In time land-birds were seen, and he sat down to write to Adrienne a fifteen-hundred-word letter which should be sent back by the first returning ship.
"It is from very far that I am writing to you, dear heart," he began, "and to this cruel separation is added the still more dreadful uncertainty of the time when I shall hear from you again. I hope, however, that it is not far distant, for, of all the many causes that make me long to get ashore again, there is nothing that increases my impatience like this."
The thought of his little daughter Henriette comes forward again and again. "Henriette is so delightful that she has made me in love with all little girls," he wrote.
Never did a more gallant company set sail than these young noblemen of France who were following a course across the sea only a little more northerly than that which Columbus first traced, and with something of the same high hazard that inspired the great discoverer. Their names should be remembered by a people that profited by their bravery. Besides the Baron de Kalb, with his fifty-five years, and the Viscount de Maury (who rode out of Bordeaux as a grand gentleman while the disguised Lafayette went before as courier), there was Major de Gimat, first aid-de-camp to Lafayette and always his special favorite, who gave up his horse to his young commander, thereby saving his life at the battle of Brandywine, and who was wounded in an attack on a redoubt at Yorktown. Then there was Captain de la Colombe who, after the close of the war in America, pursued closely the fortunes of Lafayette, following him even into prison. There was Colonel de Valfort who, in later years, became an Instructor of Napoleon; and Major de Buysson who was at the battle of Camden and brought word of the eleven wounds that were needed to cause the death of the intrepid Baron de Kalb. The list included still other names of members of noble families in France.
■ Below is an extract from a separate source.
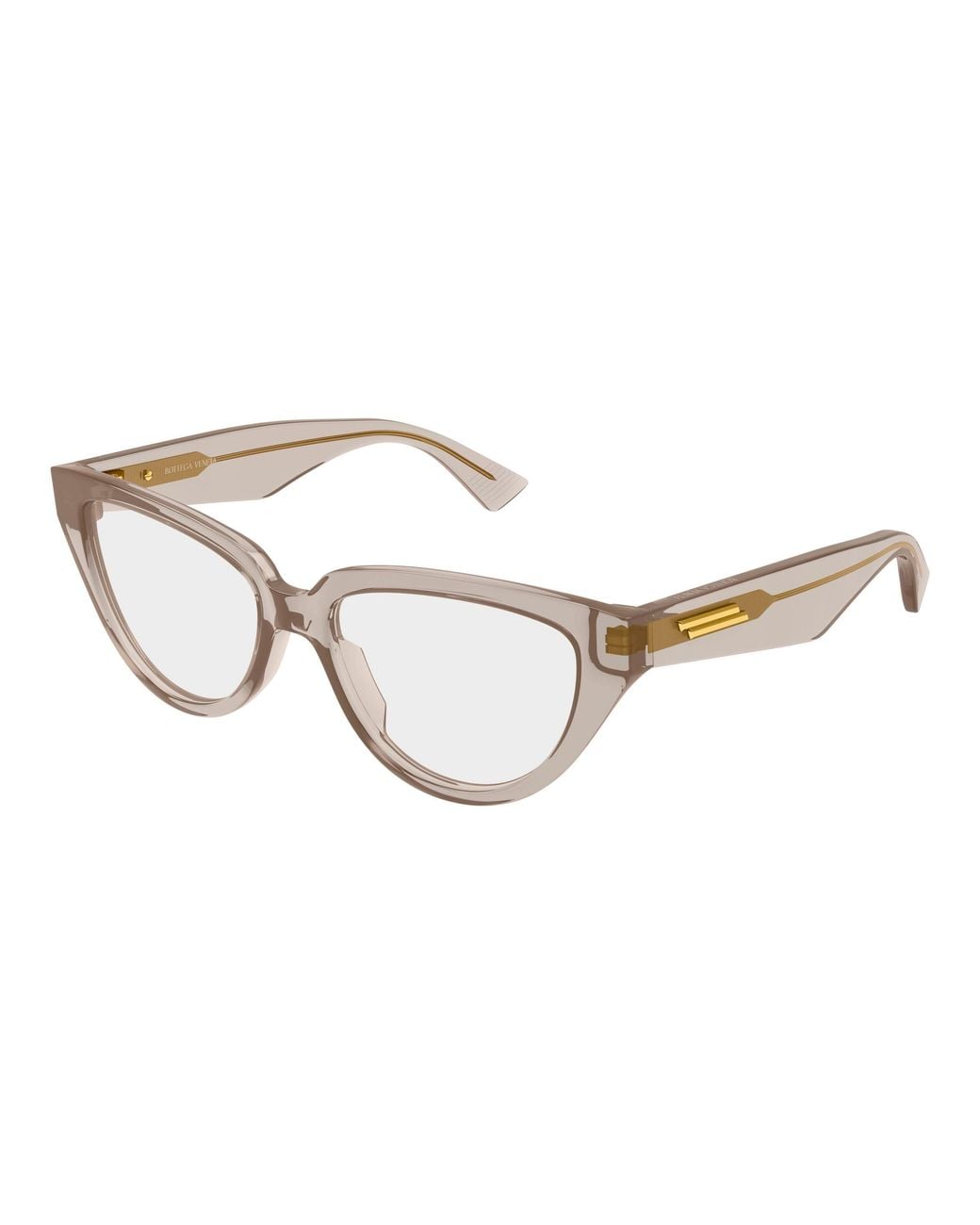 Bottega Veneta Black Bv1503O 003 Optical Frames Acetate Transparent Cat Eye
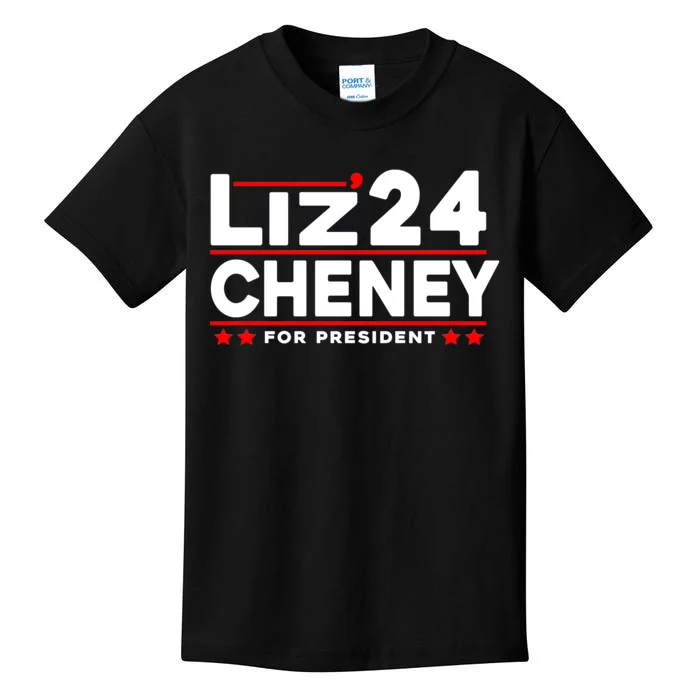 Liz Cheney 2024 For President Kids T-Shirt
Something was indeed happening to the youth of France in 1750 and 1760. A restless ardor, a love of adventure, a love of glory, together with the bewitchment of that beautiful word "liberty," were among the motives that inspired their actions. They went into the military service at fourteen or even earlier, and were colonels of regiments at twenty-two or twenty-four. They were "sick for breathing and exploit."
An amusing story is told of one of these adventurous boys. He got into a quarrel with a school-mate about the real positions of the Athenians and Persians at the battle of Platæa. He even made a small wager on it and then set out to find whether he had been right or not. He actually went on foot to Marseilles and from there sailed as cabin-boy to Greece, Alexandria, and Constantinople. There a French ambassador caught the young investigator and sent him home! Before he was twenty-four, however, he was in America, cover ing himself with glory at Germantown and at Red Bank. This was the kind of youths they were; and many thrilling stories could be told about the lives of these gallant young Frenchmen.
And how young they were! More than a hundred of the French officers who came to America to serve in the Revolution were in the early twenties. There were a few seasoned old warriors, of course, but the majority of them were young. Such were the companions-in-arms of Lafayette, himself still in his teens.